Getting stuck in the details of what’s lacking and forever measuring ourselves against some impossible standard can diminish our joy and ability to keep the big picture of what we truly most want to accomplish in mind.
One of my life tasks is to set boundaries with myself about my forms of perfectionism. We have a Kidpower saying that, “You don’t have to be perfect to be great!” A useful correllary is, “Trying too hard to be perfect can cause you to lose great.”
For example, my perfectionism often takes the form of trying to do too much with way too little. Many people, when they try to fit too much activity into too small a “box” of time and resources, tend to have things they have promised to do and need to do spilling over the top and not getting done.

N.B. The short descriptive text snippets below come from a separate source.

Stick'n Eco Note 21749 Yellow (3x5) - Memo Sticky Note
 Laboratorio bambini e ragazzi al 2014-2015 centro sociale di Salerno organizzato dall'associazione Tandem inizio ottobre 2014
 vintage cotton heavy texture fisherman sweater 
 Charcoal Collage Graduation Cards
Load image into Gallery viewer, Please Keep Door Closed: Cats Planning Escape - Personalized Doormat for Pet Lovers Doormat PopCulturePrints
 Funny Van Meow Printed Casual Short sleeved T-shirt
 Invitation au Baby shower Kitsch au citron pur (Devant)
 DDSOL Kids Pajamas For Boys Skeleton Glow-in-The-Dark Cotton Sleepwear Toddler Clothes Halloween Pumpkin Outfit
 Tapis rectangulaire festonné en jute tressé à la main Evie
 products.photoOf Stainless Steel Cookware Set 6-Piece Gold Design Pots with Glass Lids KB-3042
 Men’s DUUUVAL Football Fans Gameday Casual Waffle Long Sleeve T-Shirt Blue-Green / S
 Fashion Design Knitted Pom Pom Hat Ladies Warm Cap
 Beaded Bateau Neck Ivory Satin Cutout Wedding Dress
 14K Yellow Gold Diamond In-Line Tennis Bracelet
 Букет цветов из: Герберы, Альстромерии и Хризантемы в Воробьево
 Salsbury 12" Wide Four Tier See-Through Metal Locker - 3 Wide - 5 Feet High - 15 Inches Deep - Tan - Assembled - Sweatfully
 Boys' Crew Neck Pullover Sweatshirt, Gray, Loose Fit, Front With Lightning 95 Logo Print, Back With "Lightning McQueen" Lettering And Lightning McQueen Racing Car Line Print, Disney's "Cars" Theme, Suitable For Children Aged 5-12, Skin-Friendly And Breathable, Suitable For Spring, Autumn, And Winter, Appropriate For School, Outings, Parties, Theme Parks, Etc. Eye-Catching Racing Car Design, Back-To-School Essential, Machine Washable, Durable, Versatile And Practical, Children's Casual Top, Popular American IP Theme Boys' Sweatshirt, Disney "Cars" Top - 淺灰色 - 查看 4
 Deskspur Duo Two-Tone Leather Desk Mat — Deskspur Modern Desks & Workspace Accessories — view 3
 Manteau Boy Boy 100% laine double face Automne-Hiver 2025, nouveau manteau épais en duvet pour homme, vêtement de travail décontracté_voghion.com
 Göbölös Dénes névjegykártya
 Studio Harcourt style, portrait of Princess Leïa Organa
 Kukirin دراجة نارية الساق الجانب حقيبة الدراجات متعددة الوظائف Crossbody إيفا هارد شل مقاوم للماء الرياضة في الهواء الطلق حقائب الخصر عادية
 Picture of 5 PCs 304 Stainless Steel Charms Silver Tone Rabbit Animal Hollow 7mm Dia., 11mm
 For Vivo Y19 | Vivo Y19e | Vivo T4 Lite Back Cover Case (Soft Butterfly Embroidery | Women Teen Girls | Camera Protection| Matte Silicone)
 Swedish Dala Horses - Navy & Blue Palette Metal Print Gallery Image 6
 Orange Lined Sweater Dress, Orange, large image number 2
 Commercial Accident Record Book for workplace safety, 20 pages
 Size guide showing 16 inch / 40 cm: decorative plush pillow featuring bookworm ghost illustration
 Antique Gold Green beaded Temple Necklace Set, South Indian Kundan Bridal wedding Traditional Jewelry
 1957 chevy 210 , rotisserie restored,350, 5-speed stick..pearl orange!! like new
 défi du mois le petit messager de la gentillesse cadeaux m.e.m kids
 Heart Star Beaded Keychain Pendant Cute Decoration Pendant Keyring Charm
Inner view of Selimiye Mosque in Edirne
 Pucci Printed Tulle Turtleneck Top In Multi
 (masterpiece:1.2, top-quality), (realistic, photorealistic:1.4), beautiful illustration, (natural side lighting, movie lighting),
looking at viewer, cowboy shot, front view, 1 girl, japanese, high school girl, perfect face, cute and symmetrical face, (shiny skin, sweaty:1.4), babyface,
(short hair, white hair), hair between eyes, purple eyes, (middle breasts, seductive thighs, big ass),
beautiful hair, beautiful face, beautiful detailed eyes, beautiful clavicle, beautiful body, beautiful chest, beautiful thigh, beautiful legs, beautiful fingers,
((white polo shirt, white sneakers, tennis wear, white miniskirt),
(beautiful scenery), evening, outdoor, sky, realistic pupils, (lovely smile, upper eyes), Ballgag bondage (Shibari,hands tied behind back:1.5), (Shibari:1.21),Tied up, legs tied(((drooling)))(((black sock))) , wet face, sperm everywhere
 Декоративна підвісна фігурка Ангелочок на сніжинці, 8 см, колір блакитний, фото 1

More often, I tend to cram so much into my box of time that the whole box starts straining at the seams, which is hard on anyone sharing that box with me,not to mention myself.
As a recovering perfectionist about some aspects of my life (NOT housekeeping or cooking, however), here are a few things that I have found to be helpful:
1) Notice my anxiety about things not being perfect and focus on regaining perspective rather than on trying harder.
2) Before I try to fix something, ask myself, “Is this really important or am I being a nitpicker right now?”
3) Celebrate each moment, our mistakes as well as our successes. Remember that falling down is part of learning to walk. If we were to worry about each fall as being a failure to walk, our toddlers could get discouraged, Instead, we cheer toddlers on for each attempt, however shaky, and however often they plop onto the ground. Let’s start celebrating each moment for ourselves and others in each part of our lives.